Crimetime Vorschau 25.04.2021, Das Erste, 20:15 Uhr – Titelbild © SWR, Benoît Linder
Vielleicht macht Stadtluft nicht immer frei
Harald Schmidt? Ja, so steht es immer noch in ARD-Texten, ist sich aber so ausgegangen: „Die Schauspielerin Steffi Kühnert ist kurzfristig für Harald Schmidt eingesprungen, der die Rolle des Gernot Schöllhammer, des ursprünglich konzipierten Vorgesetzten der beiden Ermittler, spielen sollte.[3]“
Wer weiß, was Harald Schmidt für den Schwarzwald-Tatort hätte tun können, aber so sind die beiden etwas verschroben und in der Tat hinterwäldlerisch wirkenden Kommissare eben doch mehr oder weniger allein mit den Zuschauer*innen bzw. diese mit ihnen. Umso wichtiger sind die Episodenrollen, und die sind im 1165. Tatort zumindest mit einigen bekannten Namen besetzt worden.

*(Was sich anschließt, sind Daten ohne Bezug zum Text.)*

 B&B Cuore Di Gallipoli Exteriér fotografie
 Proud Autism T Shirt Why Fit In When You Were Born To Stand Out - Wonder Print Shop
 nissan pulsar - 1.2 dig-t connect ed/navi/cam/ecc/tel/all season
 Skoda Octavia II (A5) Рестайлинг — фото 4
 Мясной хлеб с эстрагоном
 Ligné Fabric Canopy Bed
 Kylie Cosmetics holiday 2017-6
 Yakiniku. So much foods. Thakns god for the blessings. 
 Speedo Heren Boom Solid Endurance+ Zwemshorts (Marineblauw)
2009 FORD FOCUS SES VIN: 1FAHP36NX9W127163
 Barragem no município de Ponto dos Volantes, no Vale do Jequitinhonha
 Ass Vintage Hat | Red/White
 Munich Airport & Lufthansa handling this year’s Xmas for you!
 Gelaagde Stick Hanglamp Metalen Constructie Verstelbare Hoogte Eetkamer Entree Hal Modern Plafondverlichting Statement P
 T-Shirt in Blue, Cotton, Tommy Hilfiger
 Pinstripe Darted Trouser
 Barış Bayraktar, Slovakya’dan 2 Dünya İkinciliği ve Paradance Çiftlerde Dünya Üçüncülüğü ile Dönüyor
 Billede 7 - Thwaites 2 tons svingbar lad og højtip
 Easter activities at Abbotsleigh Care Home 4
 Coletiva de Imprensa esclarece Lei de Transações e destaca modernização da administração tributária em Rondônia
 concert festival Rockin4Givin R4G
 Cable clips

Im SWR3-Tatortcheck schreibt Brigitte Egelhaaf: „Beim Streit um das Erbe der Fabrikantenwitwe kracht es gewaltig. Erbt die „dahergelaufene Russin“ tatsächlich den Stammsitz der Familie? Das muss verhindert werden. Beim Kampf ums Erbe kommen die Fabrikantenkinder einem dunklen Familiengeheimnis auf die Spur.“ Aber dann: „Ein Tatort, so spannend wie ein Gesetzestext zur Erbschaftssteuer. (…) Ich weiß nicht, welches Konzept dahinter steckt, die beiden Kommissare so farblos wie möglich wirken zu lassen. An den Schauspielern kann es jedenfalls nicht liegen. Aber die Dialoge sind manchmal doch sehr beliebig und emotionslos. So, wie halt zwei Menschen miteinander reden, die Gefühle nicht so gern zeigen. Gibt’s ja viele im wahren Leben.“
Angesichts der insgesamt massiven und zudem aufeinander gerichteten Gefühle, die im oben erwähnten „Ich hab im Traum …“ bei den beiden Ermittlern zutage traten, wollte man vielleicht mal wieder auf die Bremse treten und kehrte zurück zum Ausgangspunkt und klarstellen, dass die beiden eben nicht so exzentrisch oder auch expressiv wirken sollen wie andere Tatort-Polizist*innen. Leider führt dies dazu, dass es seitens des SWR, der immerhin auch der produzierende Sender der Schwarzwald-Tatorte ist, nur zwei Elche von fünf Elchen herausgerückt werden.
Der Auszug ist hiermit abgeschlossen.